→ BRIEF
Output nothing but the lines from the first line of the listing below through the line containing "カラーリンキングニットパンツ BEIGE One", printed exactly and free of pictures.
• • •
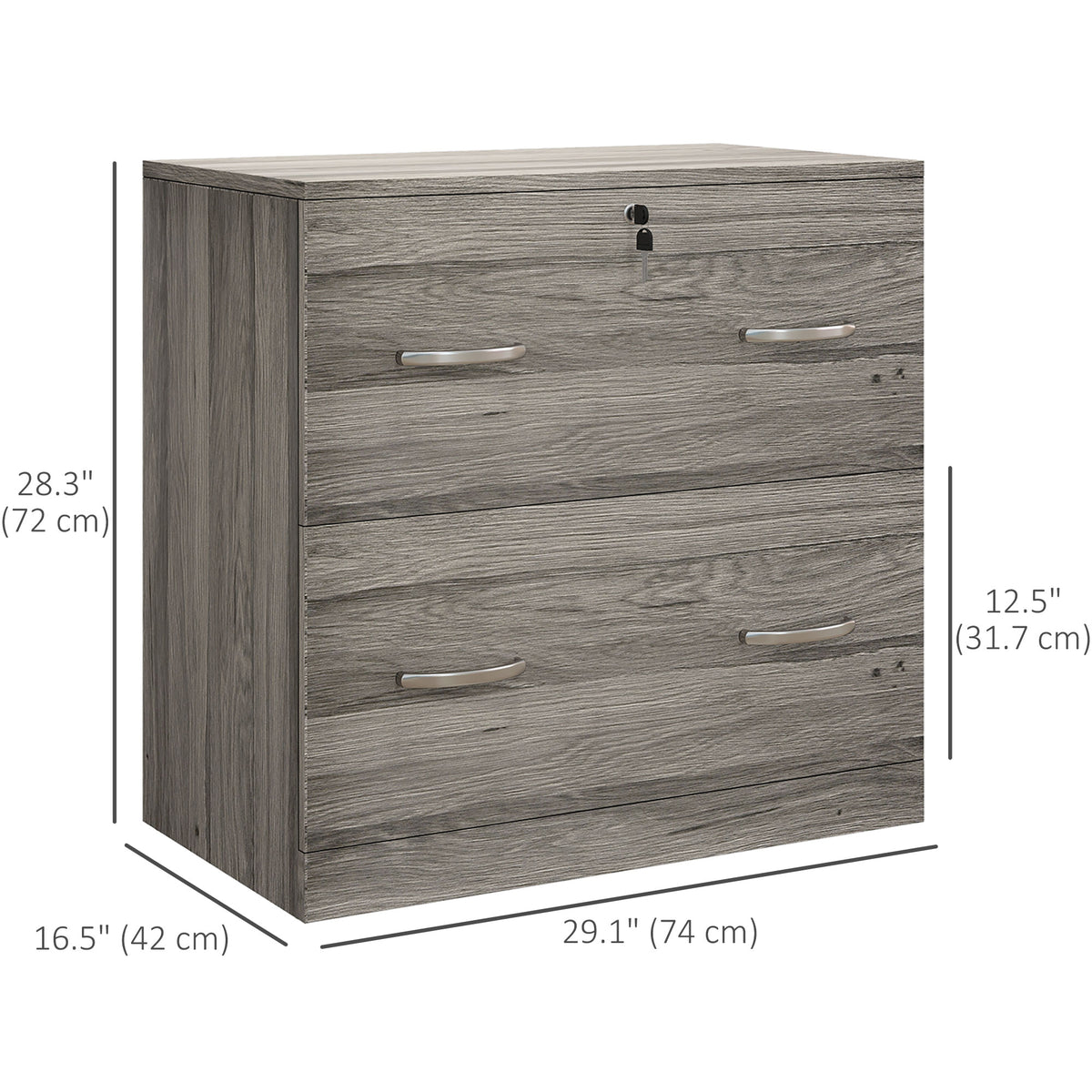 2-Drawer Locking File Cabinet for Letter Size Files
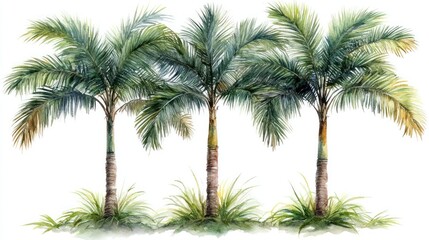 Naklejka premium Watercolor Painting of Three Palm Trees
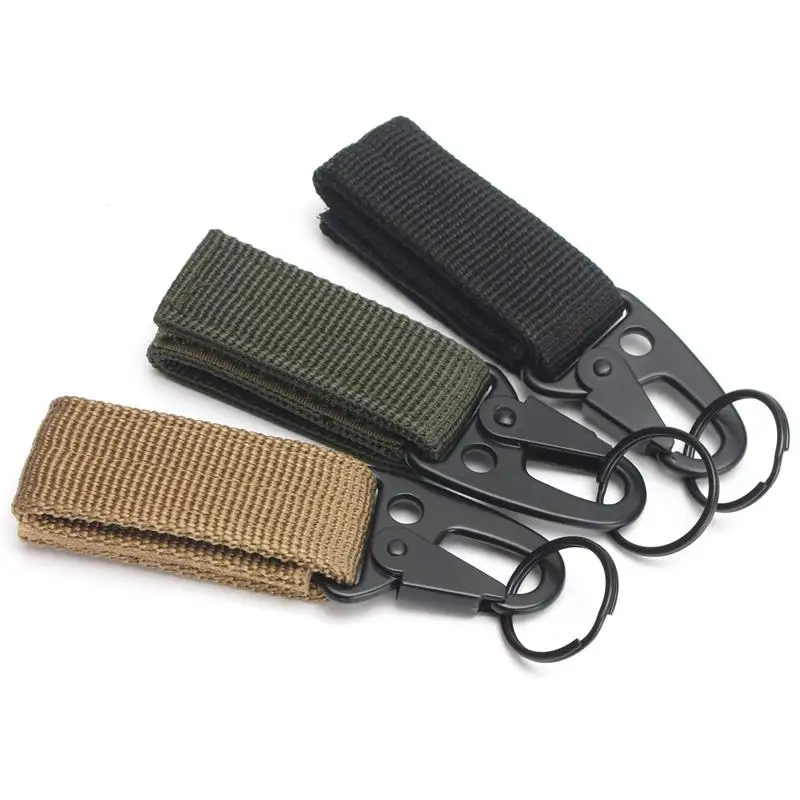 

Camping climbing accessories Tactical nylon Hang buckle Metal carabiner with key ring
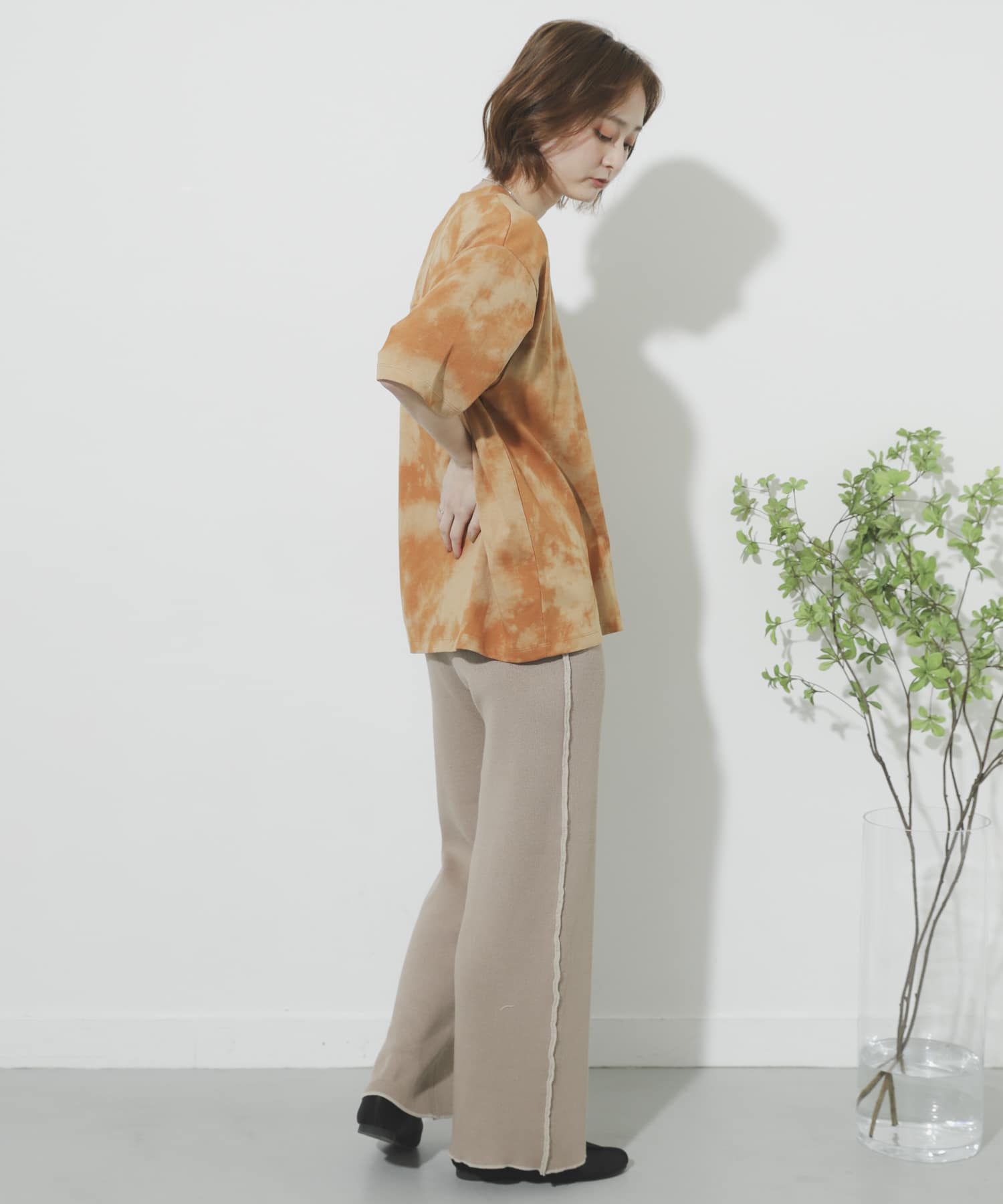 カラーリンキングニットパンツ BEIGE One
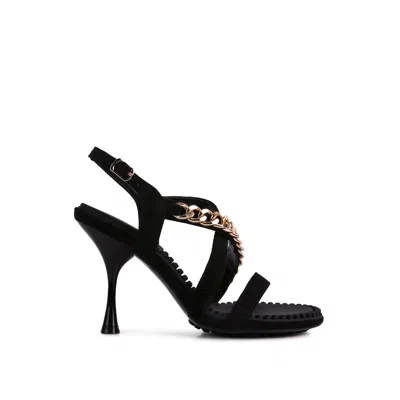 Rag & Co Women's Domeda Black Metal Chain Embellished Sandals By  In Multi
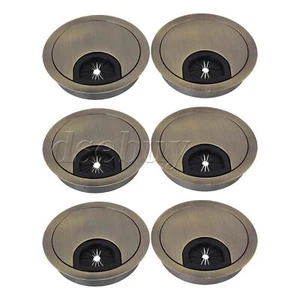 6PCS Zinc Alloy Wire Hole Parts for Desk Cable Cover 60mm Green Bronze - Afbeelding 1 van 8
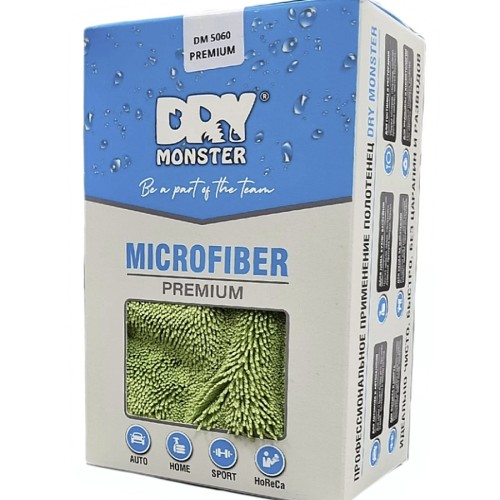 Dry Monster Premium - микрофибра для сушки плетение двойная крученая петля 50х60см, 700гр/м, зеленый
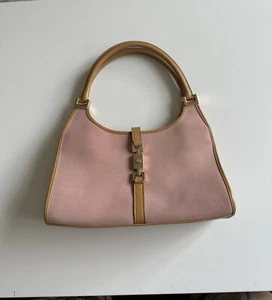 Vintage Y2K Gucci Bardot Jackie Purse Bag Pink Suede Blush Tan - Picture 1 of 12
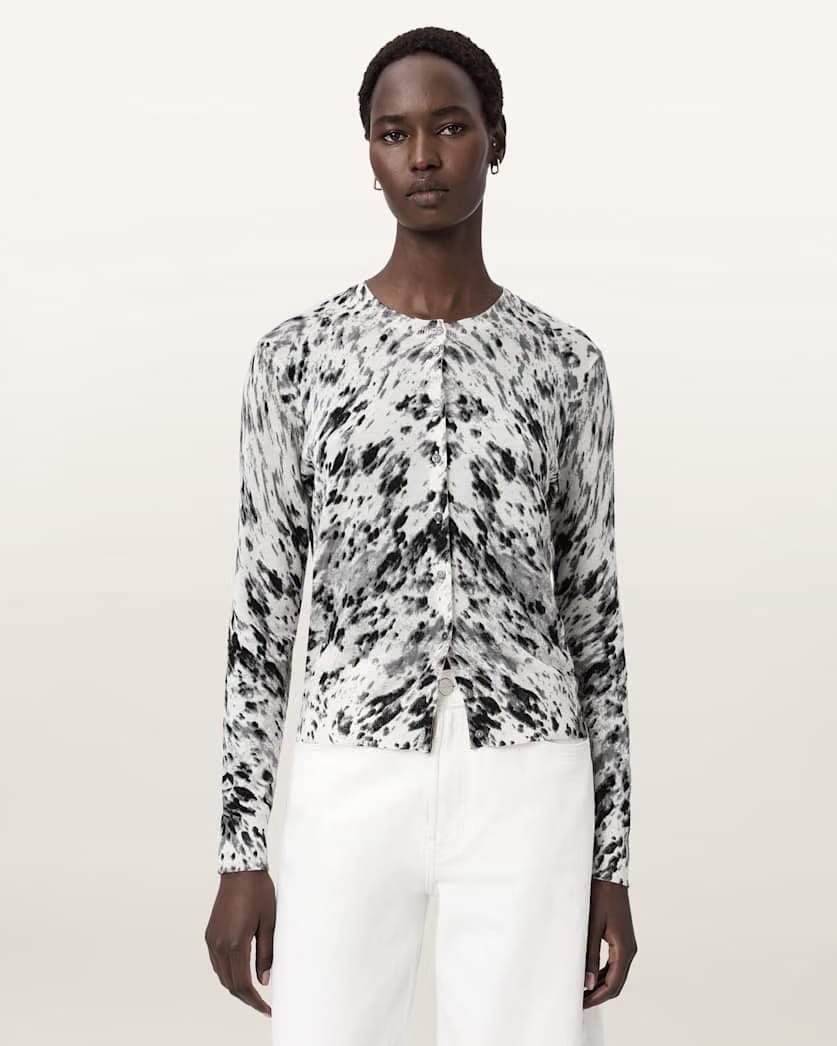 AllSaints Anouk Slim Fit Merino Wool Cardigan Women's Canter Ecru White Women's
• • •
→ EXERCISE OUTPUT
 2-Drawer Locking File Cabinet for Letter Size Files
 Naklejka premium Watercolor Painting of Three Palm Trees

Camping climbing accessories Tactical nylon Hang buckle Metal carabiner with key ring
 カラーリンキングニットパンツ BEIGE One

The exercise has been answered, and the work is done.